• Stored entries:
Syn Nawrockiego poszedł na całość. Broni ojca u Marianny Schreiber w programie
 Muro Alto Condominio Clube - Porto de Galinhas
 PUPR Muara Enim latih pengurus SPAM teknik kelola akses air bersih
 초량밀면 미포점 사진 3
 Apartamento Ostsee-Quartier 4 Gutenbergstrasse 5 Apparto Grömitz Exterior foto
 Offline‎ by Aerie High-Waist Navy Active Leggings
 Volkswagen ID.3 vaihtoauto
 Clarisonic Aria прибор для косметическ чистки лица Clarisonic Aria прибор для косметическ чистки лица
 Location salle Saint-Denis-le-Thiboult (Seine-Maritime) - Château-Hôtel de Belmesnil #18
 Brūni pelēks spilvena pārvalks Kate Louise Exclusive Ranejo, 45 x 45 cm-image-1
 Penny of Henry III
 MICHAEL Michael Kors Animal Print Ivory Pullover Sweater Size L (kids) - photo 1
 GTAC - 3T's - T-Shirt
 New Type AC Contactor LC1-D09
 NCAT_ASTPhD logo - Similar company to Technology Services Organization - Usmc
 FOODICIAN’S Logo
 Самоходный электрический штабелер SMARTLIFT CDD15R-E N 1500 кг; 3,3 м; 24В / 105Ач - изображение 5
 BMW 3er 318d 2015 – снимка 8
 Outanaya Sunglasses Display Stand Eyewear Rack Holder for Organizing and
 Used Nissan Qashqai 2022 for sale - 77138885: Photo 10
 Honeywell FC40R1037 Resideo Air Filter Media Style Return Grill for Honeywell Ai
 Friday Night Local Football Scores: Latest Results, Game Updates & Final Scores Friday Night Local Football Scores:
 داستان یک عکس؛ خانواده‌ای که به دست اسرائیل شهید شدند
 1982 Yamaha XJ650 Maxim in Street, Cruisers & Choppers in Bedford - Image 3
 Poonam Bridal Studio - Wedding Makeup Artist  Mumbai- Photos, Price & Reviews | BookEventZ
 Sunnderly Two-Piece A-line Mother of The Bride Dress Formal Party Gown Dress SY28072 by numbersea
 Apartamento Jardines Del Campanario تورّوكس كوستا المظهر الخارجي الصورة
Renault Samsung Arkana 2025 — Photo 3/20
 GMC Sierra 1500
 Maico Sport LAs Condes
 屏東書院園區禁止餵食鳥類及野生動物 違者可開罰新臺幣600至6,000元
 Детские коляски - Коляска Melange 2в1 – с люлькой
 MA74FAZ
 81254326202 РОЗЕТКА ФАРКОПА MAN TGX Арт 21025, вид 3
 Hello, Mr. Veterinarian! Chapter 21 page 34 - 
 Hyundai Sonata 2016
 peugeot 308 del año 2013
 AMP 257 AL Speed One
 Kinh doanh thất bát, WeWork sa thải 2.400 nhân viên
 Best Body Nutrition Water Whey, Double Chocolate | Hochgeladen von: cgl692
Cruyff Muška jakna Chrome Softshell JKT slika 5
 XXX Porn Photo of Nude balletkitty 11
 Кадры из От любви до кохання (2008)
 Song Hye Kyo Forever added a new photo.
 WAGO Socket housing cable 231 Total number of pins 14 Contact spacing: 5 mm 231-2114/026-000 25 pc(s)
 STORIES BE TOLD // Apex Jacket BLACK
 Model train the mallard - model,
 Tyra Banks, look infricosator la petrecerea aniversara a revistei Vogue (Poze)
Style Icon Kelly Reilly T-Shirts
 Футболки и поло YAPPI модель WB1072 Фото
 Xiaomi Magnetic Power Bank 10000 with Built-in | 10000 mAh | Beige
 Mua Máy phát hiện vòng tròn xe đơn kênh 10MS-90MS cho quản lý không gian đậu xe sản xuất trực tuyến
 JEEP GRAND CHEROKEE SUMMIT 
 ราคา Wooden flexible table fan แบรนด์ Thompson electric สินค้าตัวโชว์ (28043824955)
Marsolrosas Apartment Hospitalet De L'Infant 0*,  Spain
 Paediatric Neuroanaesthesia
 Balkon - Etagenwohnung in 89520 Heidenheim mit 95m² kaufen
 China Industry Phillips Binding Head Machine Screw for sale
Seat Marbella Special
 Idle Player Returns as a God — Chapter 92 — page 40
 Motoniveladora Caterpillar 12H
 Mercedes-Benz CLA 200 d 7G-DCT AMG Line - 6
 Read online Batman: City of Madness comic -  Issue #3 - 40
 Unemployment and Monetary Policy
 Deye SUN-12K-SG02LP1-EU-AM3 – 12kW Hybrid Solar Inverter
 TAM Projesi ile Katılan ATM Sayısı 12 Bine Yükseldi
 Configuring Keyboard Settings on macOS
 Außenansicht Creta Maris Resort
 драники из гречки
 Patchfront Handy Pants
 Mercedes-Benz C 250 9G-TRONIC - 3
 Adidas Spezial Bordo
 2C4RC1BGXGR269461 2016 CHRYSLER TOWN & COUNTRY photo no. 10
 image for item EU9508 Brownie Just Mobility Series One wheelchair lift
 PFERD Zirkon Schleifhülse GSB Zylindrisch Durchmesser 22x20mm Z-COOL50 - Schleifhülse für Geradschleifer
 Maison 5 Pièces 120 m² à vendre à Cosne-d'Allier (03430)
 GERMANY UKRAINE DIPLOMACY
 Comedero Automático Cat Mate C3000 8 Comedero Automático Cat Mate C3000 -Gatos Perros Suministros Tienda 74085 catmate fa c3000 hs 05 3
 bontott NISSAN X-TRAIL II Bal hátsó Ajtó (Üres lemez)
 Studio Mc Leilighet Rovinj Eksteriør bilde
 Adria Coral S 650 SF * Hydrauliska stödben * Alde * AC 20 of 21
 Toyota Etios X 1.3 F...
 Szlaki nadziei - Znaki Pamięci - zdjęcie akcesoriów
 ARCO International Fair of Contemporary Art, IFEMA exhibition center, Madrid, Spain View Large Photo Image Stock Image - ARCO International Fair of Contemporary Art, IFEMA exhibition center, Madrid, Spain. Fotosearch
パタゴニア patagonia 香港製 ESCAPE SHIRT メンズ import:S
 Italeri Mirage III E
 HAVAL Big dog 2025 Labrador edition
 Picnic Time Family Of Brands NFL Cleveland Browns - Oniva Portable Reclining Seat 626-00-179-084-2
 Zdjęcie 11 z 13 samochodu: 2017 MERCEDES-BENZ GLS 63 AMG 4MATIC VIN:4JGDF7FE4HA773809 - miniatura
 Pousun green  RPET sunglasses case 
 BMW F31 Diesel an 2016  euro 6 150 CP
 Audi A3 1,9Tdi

• WHAT THE EXERCISE ASKS: Each entry above should be retyped exactly, with nothing missed.

• RESPONSE TO THIS TASK:
Syn Nawrockiego poszedł na całość. Broni ojca u Marianny Schreiber w programie
 Muro Alto Condominio Clube - Porto de Galinhas
 PUPR Muara Enim latih pengurus SPAM teknik kelola akses air bersih
 초량밀면 미포점 사진 3
 Apartamento Ostsee-Quartier 4 Gutenbergstrasse 5 Apparto Grömitz Exterior foto
 Offline‎ by Aerie High-Waist Navy Active Leggings
 Volkswagen ID.3 vaihtoauto
 Clarisonic Aria прибор для косметическ чистки лица Clarisonic Aria прибор для косметическ чистки лица
 Location salle Saint-Denis-le-Thiboult (Seine-Maritime) - Château-Hôtel de Belmesnil #18
 Brūni pelēks spilvena pārvalks Kate Louise Exclusive Ranejo, 45 x 45 cm-image-1
 Penny of Henry III
 MICHAEL Michael Kors Animal Print Ivory Pullover Sweater Size L (kids) - photo 1
 GTAC - 3T's - T-Shirt
 New Type AC Contactor LC1-D09
 NCAT_ASTPhD logo - Similar company to Technology Services Organization - Usmc
 FOODICIAN’S Logo
 Самоходный электрический штабелер SMARTLIFT CDD15R-E N 1500 кг; 3,3 м; 24В / 105Ач - изображение 5
 BMW 3er 318d 2015 – снимка 8
 Outanaya Sunglasses Display Stand Eyewear Rack Holder for Organizing and
 Used Nissan Qashqai 2022 for sale - 77138885: Photo 10
 Honeywell FC40R1037 Resideo Air Filter Media Style Return Grill for Honeywell Ai
 Friday Night Local Football Scores: Latest Results, Game Updates & Final Scores Friday Night Local Football Scores:
 داستان یک عکس؛ خانواده‌ای که به دست اسرائیل شهید شدند
 1982 Yamaha XJ650 Maxim in Street, Cruisers & Choppers in Bedford - Image 3
 Poonam Bridal Studio - Wedding Makeup Artist  Mumbai- Photos, Price & Reviews | BookEventZ
 Sunnderly Two-Piece A-line Mother of The Bride Dress Formal Party Gown Dress SY28072 by numbersea
 Apartamento Jardines Del Campanario تورّوكس كوستا المظهر الخارجي الصورة
Renault Samsung Arkana 2025 — Photo 3/20
 GMC Sierra 1500
 Maico Sport LAs Condes
 屏東書院園區禁止餵食鳥類及野生動物 違者可開罰新臺幣600至6,000元
 Детские коляски - Коляска Melange 2в1 – с люлькой
 MA74FAZ
 81254326202 РОЗЕТКА ФАРКОПА MAN TGX Арт 21025, вид 3
 Hello, Mr. Veterinarian! Chapter 21 page 34 - 
 Hyundai Sonata 2016
 peugeot 308 del año 2013
 AMP 257 AL Speed One
 Kinh doanh thất bát, WeWork sa thải 2.400 nhân viên
 Best Body Nutrition Water Whey, Double Chocolate | Hochgeladen von: cgl692
Cruyff Muška jakna Chrome Softshell JKT slika 5
 XXX Porn Photo of Nude balletkitty 11
 Кадры из От любви до кохання (2008)
 Song Hye Kyo Forever added a new photo.
 WAGO Socket housing cable 231 Total number of pins 14 Contact spacing: 5 mm 231-2114/026-000 25 pc(s)
 STORIES BE TOLD // Apex Jacket BLACK
 Model train the mallard - model,
 Tyra Banks, look infricosator la petrecerea aniversara a revistei Vogue (Poze)
Style Icon Kelly Reilly T-Shirts
 Футболки и поло YAPPI модель WB1072 Фото
 Xiaomi Magnetic Power Bank 10000 with Built-in | 10000 mAh | Beige
 Mua Máy phát hiện vòng tròn xe đơn kênh 10MS-90MS cho quản lý không gian đậu xe sản xuất trực tuyến
 JEEP GRAND CHEROKEE SUMMIT 
 ราคา Wooden flexible table fan แบรนด์ Thompson electric สินค้าตัวโชว์ (28043824955)
Marsolrosas Apartment Hospitalet De L'Infant 0*,  Spain
 Paediatric Neuroanaesthesia
 Balkon - Etagenwohnung in 89520 Heidenheim mit 95m² kaufen
 China Industry Phillips Binding Head Machine Screw for sale
Seat Marbella Special
 Idle Player Returns as a God — Chapter 92 — page 40
 Motoniveladora Caterpillar 12H
 Mercedes-Benz CLA 200 d 7G-DCT AMG Line - 6
 Read online Batman: City of Madness comic -  Issue #3 - 40
 Unemployment and Monetary Policy
 Deye SUN-12K-SG02LP1-EU-AM3 – 12kW Hybrid Solar Inverter
 TAM Projesi ile Katılan ATM Sayısı 12 Bine Yükseldi
 Configuring Keyboard Settings on macOS
 Außenansicht Creta Maris Resort
 драники из гречки
 Patchfront Handy Pants
 Mercedes-Benz C 250 9G-TRONIC - 3
 Adidas Spezial Bordo
 2C4RC1BGXGR269461 2016 CHRYSLER TOWN & COUNTRY photo no. 10
 image for item EU9508 Brownie Just Mobility Series One wheelchair lift
 PFERD Zirkon Schleifhülse GSB Zylindrisch Durchmesser 22x20mm Z-COOL50 - Schleifhülse für Geradschleifer
 Maison 5 Pièces 120 m² à vendre à Cosne-d'Allier (03430)
 GERMANY UKRAINE DIPLOMACY
 Comedero Automático Cat Mate C3000 8 Comedero Automático Cat Mate C3000 -Gatos Perros Suministros Tienda 74085 catmate fa c3000 hs 05 3
 bontott NISSAN X-TRAIL II Bal hátsó Ajtó (Üres lemez)
 Studio Mc Leilighet Rovinj Eksteriør bilde
 Adria Coral S 650 SF * Hydrauliska stödben * Alde * AC 20 of 21
 Toyota Etios X 1.3 F...
 Szlaki nadziei - Znaki Pamięci - zdjęcie akcesoriów
 ARCO International Fair of Contemporary Art, IFEMA exhibition center, Madrid, Spain View Large Photo Image Stock Image - ARCO International Fair of Contemporary Art, IFEMA exhibition center, Madrid, Spain. Fotosearch
パタゴニア patagonia 香港製 ESCAPE SHIRT メンズ import:S
 Italeri Mirage III E
 HAVAL Big dog 2025 Labrador edition
 Picnic Time Family Of Brands NFL Cleveland Browns - Oniva Portable Reclining Seat 626-00-179-084-2
 Zdjęcie 11 z 13 samochodu: 2017 MERCEDES-BENZ GLS 63 AMG 4MATIC VIN:4JGDF7FE4HA773809 - miniatura
 Pousun green  RPET sunglasses case 
 BMW F31 Diesel an 2016  euro 6 150 CP
 Audi A3 1,9Tdi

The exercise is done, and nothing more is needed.